Today we journey as pythonauts into the world of particle systems and fast 3D graphics, manipulating thousands upon thousands of little dots in mere milliseconds! We accomplish this with two Python modules, PyOpenCL and PyOpenGL. This is a port of my C++ OpenCL tutorial, but with much less code and all the splendors of numpy.
What you’ll need:
- numpy (at least version 1.4)
- PyOpenCL(for now, Mac users will need to build from git)
- the code
- A graphics card and driver that support OpenCL
Let’s get started!
First lets take a look at the files we will be dissecting
- important files main.py part2.py part2.cl initialize.py - support files glutil.py vector.py timing.py
You can go ahead and run python main.py to see the code in action. The way our particle system works is that we have some collection of particles, really just 3D points in space, each with it’s own lifetime. Every time we loop we want to update the positions of our particles based on some set of rules (e.g. gravity, initial velocity) and decrease their lifetime a little. When the lifetime of a particle reaches 0 we set it back to its original position and reset its lifetime. So we want to structure our code so that we initialize the positions of the particles first, then every frame we update and render them.
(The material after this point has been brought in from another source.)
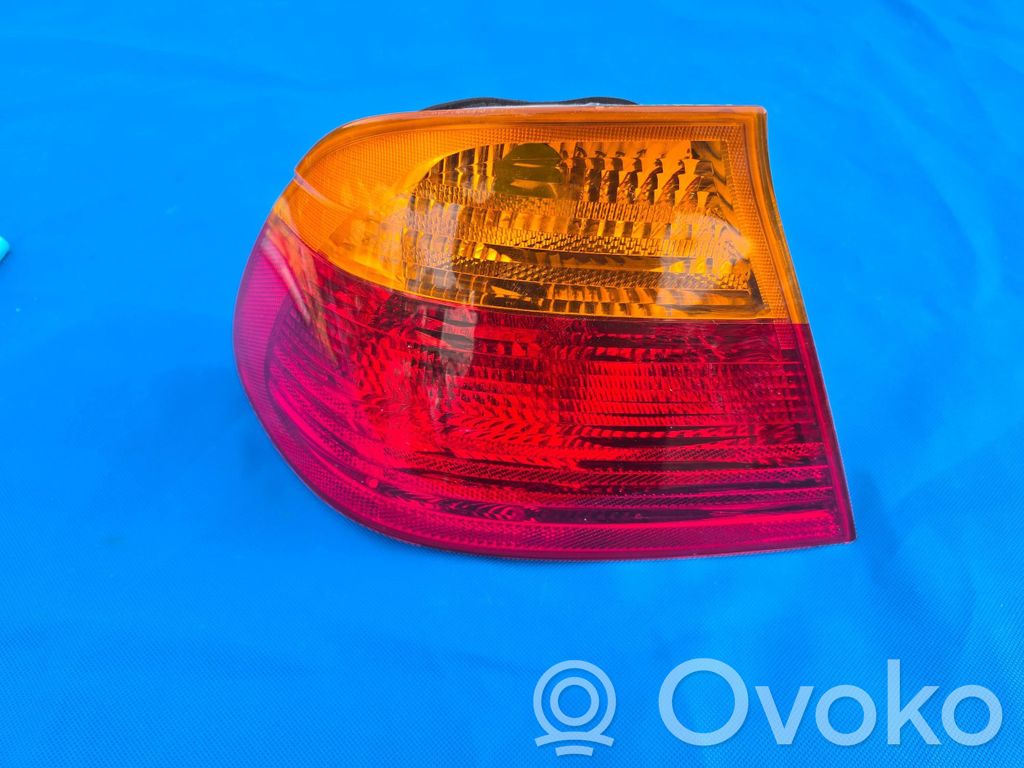 BMW 3 E46 Rear/tail lights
main.py is responsible for setting up the OpenGL environment using PyOpenGL and GLUT, providing mouse and keyboard interaction as well as a run loop for our program. So now we have some 3D space we can look around by clicking and dragging (left and right mouse buttons) or hit ‘q’ to quit and ‘t’ to print out timing of the update function.
Once we have our environment we need to setup some particles, for this look in initialize.py. The first function you will see is function_np which creates several numpy arrays and sets their values using numpy slice operators. If that’s a little confusing, it may be easier to follow the fountain_loopy function which does the same thing but with a (slower) for loop. Essentially we are randomly placing the particles on a flat donut in the x, y plane. They each start with an initial velocity in the same direction as their position and a random lifetime. We also make an RGBA color array so that each particle can have its own color.
Notice the fountain function at the bottom, which just calls the fountain_np function and creates Vertex Buffer Objects (VBO) out of the numpy arrays. Presumably when you go on to make your own OpenCL/OpenGL code you will start with your own numpy arrays and this is a key point for setting up your memory on the GPU. If you want OpenCL to be able to act on OpenGL memory (without making copies) you will need to prepare VBOs (or render buffer objects with clImage which should be the subject of a later tutorial) before you go to OpenCL. Luckily its dead simple with PyOpenGL
from OpenGL.arrays import vbo pos_vbo = vbo.VBO(data=pos, usage=GL_DYNAMIC_DRAW, target=GL_ARRAY_BUFFER) pos_vbo.bind()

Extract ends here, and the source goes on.